Un "caractère sériel évident"

Pour l'écrivaine, comme pour toutes les femmes qui ont témoigné contre lui, "la place de PPDA est dans un tribunal". Elle se félicite que les juges d'instruction étudient l'éventualité d'un caractère sériel des actes de l'ancien journaliste. Ce caractère, s'il était reconnu sur un fait non-prescrit, permettrait de contourner la prescription et de juger par exemple un viol datant de 1993 dénoncé par la journaliste Hélène Devynck, d'un autre datant de 2004 dénoncé par l'écrivaine Florence Porcel, ou encore de l'agression sexuelle dénoncée par Bénédicte Martin.

A ses yeux d'ailleurs, le caractère sériel est évident. "Moi, j'estime que PPDA est un violeur en série et qu'il avait mis en place, durant presque 30 ans, un modus operandi systémique."

"Ces agressions se sont passées sur ces mêmes mètres carrés [dans son bureau], sur ce même endroit [dans la tour TF1], aux mêmes heures [après le JT], toutes les semaines."

Bénédicte Martin

à franceinfo

"Ça relève vraiment de la prédation, de la préméditation et ceci doit être puni", martèle l'écrivaine. Elle note aussi que les victimes avaient "une espèce de caractère commun" : "On est des femmes très jeunes, très fines, très maigres. Il nous parle de sa fille Solenn qui souffrait d'anorexie et qui s'est suicidée. A chaque fois, il nous dit qu'on lui fait penser à sa fille qui s'est suicidée et il nous agresse sexuellement, allant pour certaines jusqu'au viol."

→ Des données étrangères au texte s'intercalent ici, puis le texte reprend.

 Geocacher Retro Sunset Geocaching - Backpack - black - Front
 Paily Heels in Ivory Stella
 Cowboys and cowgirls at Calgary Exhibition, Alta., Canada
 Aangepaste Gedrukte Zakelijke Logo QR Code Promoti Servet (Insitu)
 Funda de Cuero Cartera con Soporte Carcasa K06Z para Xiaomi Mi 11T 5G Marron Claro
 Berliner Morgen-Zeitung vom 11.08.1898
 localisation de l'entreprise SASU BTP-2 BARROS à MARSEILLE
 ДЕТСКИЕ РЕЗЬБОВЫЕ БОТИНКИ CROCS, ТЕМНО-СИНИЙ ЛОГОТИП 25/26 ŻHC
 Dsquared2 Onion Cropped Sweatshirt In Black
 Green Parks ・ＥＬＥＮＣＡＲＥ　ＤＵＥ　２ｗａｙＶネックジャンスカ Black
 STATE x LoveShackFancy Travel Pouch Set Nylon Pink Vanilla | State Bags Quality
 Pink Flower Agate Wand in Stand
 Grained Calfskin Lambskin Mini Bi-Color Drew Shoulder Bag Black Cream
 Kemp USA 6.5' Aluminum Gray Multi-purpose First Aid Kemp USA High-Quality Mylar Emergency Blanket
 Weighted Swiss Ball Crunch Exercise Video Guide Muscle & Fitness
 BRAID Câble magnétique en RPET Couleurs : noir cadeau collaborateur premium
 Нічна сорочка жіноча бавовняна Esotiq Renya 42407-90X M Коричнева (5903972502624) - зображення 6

"Faire sauter les prescriptions"

Plus largement, Bénédicte Martin en appelle aussi au gouvernement pour "faire sauter les prescriptions". "Je fais ça pour que l'Etat, que l'Assemblée nationale, que le Sénat revoient la loi sur la prescription parce que, pour les mineurs, la prescription est plus longue. Ce n'est pas à 18 ans pile qu'on devient un adulte. Quand on a 24 ou 25 ans, on est encore un jeune adulte, on n'a pas encore tous les repères. Et de toute façon, j'estime que les crimes sexuels ne devraient jamais avoir de prescription."

Patrick Poivre d'Arvor a été entendu en audition libre en juillet dernier pour répondre d'accusations de viols, a appris franceinfo de source judiciaire, confirmant une information de l'AFP. Contactée par franceinfo, l'avocate de PPDA Me Jacqueline Laffont n'a pas répondu. Jusqu'à présent, l'ancienne vedette de TF1 a toujours nié les faits qui lui sont reprochés par une trentaine de femmes. Une enquête préliminaire et une information judiciaire sont ouvertes contre lui.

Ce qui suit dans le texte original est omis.